# Do you Hike with or without leads?



## Talron (Nov 17, 2013)

I see pictures both of pack goats with and without leads.
I'm guessing those of you who dont use leads have strong bonds with your goats?
Have you ever had to chase a goat down?
I'm just generally curious as to how people do that especially with multiple goats. 
:whatgoat:


----------



## Charlie Horse (Dec 16, 2012)

Leads are only necessary when passing other hikers who have lots of crinkly wrapper covered granola bars in their pockets.

Tie at night just in case-- No need for a bear to chase them away while you sleep. If there's a bear in your camp you'd better just deal with it (I keep a dog with me to guard the camp anyhow). Otherwise no rope needed.

All through history people have herded goats around without a lot of ropes so they're bred for it.


----------



## sanhestar (Dec 10, 2008)

Our goats carry halters and ropes because I found it easier to control them - in the rare case of emergency - when they wear a halter: where the head goes, the rest of the goat follows.

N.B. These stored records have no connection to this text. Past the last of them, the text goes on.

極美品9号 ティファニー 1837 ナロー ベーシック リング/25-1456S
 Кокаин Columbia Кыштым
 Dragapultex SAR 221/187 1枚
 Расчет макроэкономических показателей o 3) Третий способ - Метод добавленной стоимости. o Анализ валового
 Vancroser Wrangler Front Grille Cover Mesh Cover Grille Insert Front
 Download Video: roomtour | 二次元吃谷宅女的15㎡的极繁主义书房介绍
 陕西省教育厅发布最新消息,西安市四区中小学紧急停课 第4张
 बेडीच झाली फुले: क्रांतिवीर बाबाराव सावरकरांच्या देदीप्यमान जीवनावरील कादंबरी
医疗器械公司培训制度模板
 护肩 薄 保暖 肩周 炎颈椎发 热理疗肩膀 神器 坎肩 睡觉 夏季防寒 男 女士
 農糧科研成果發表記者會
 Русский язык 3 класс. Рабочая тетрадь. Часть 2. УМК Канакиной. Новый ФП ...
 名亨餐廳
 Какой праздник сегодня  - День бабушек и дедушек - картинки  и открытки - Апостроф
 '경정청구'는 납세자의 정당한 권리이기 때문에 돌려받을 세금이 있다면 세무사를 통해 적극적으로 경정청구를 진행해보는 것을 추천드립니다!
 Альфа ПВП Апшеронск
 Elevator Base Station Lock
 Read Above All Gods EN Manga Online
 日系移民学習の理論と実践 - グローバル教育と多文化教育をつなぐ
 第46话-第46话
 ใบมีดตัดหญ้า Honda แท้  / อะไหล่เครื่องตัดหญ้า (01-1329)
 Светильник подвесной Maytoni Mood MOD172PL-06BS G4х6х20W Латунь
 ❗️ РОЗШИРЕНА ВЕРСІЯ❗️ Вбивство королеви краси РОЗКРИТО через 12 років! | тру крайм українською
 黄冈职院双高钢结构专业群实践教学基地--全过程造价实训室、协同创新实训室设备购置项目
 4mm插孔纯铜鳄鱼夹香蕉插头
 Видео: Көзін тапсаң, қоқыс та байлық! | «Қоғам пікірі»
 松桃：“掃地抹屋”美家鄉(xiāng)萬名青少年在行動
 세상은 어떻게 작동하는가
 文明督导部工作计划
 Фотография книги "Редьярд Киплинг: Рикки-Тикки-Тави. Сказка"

Teaching them to follow without rope is a question of training and bonding. Take them out as often as possible to get them used to following you. Use as little treats as possible. Take a helper with you who will usher them on from behind. Make sure they are NOT hungry when you go out although accept that they will stop and nibble here and there for the first hour. The more they don't get to eat weeds and leaves and brush at home the more they will gobble that down when they are out until they've had their fill. Make sure to stop the FIRST attempt of turning around and heading home.


----------



## idahonancy (Dec 13, 2008)

Also lead them around horses and be ready for irresponsible dog owners. You want a lead rope immediately available for each goat. Keep a keen eye out all the time while hiking for anything moving. Often the goats will let you know if something is out of place. Practice walking in pack string when it is convenient they may need this skill. Generally in open country where there are not a lot of other people you do not need to lead a goat. 
Goats need to be secured 100% of the time at night or you risk killing them.


----------